Interface 12: Ethernet

Internet Address                              Physical Address   Type
--------------------------------------------  -----------------  -----------
fe80::1                                       00-14-22-01-23-45  Stale (Router)
fe80::1a2b:3c4d:5e6f:7a8b                     00-50-56-ab-cd-ef  Reachable
ff02::1                                       33-33-00-00-00-01  Permanent

Get-NetNeighbor -AddressFamily IPv6 | Where-Object State -ne 'Permanent'

To add a static IPv6 neighbor entry:

netsh interface ipv6 add neighbors "Ethernet" fe80::1 00-14-22-01-23-45

Output:

Ok.

Tuning ARP cache timers

Windows exposes per-interface ARP cache timers via the registry and netsh. The two values that matter most are the reachable time (BaseReachableTime, default ~30 s) and the dead gateway detection interval. Lowering them speeds up failover when a neighbor's MAC changes; raising them reduces ARP broadcast traffic on stable networks.

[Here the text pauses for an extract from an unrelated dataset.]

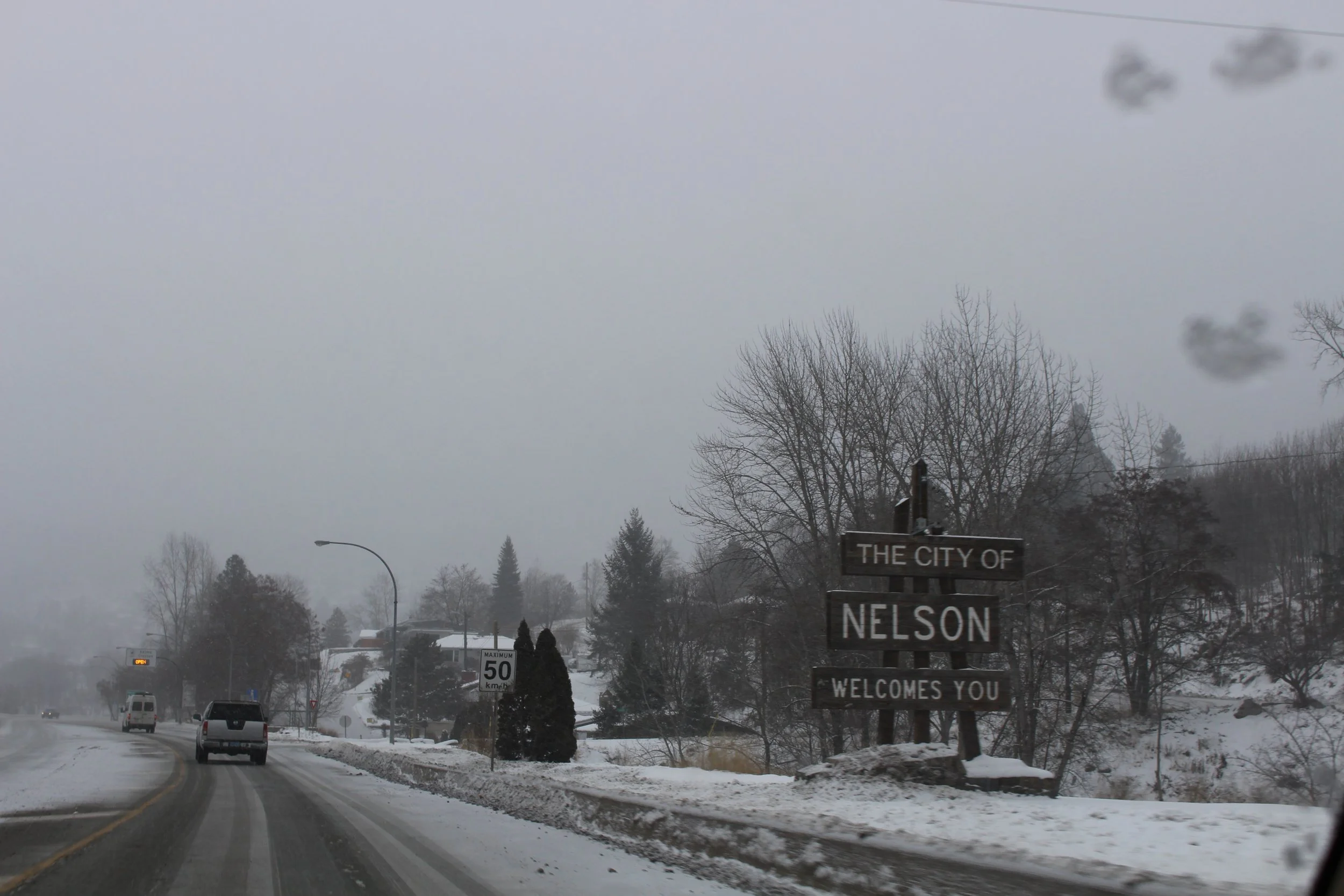 Welcome sign driving into a snowy Nelson, British Colombia Dec 2017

rem View per-interface neighbor cache settings (Vista+)
netsh interface ipv4 show interfaces
netsh interface ipv4 show interface "Ethernet"

Output:

Interface "Ethernet" Parameters
-------------------------------------------------
IfLuid                              : ethernet_32768
IfIndex                             : 12
State                               : connected
Metric                              : 25
...
Base Reachable Time                 : 30000 ms
Retransmission Interval             : 1000 ms
DAD Transmits                       : 3

rem Lower reachable time to 5 s for a specific interface (Admin)
netsh interface ipv4 set interface "Ethernet" basereachable=5000

Output:

Ok.

The corresponding registry key is HKLM\SYSTEM\CurrentControlSet\Services\Tcpip\Parameters\Interfaces\<GUID>\ReachableTime for per-interface override.

Detecting ARP spoofing

ARP has no authentication: any host on the LAN can claim any IP by sending a gratuitous ARP. An attacker performing a man-in-the-middle attack will typically poison the cache so that the gateway IP resolves to the attacker's MAC. Detect this by comparing the live cache against a known-good baseline.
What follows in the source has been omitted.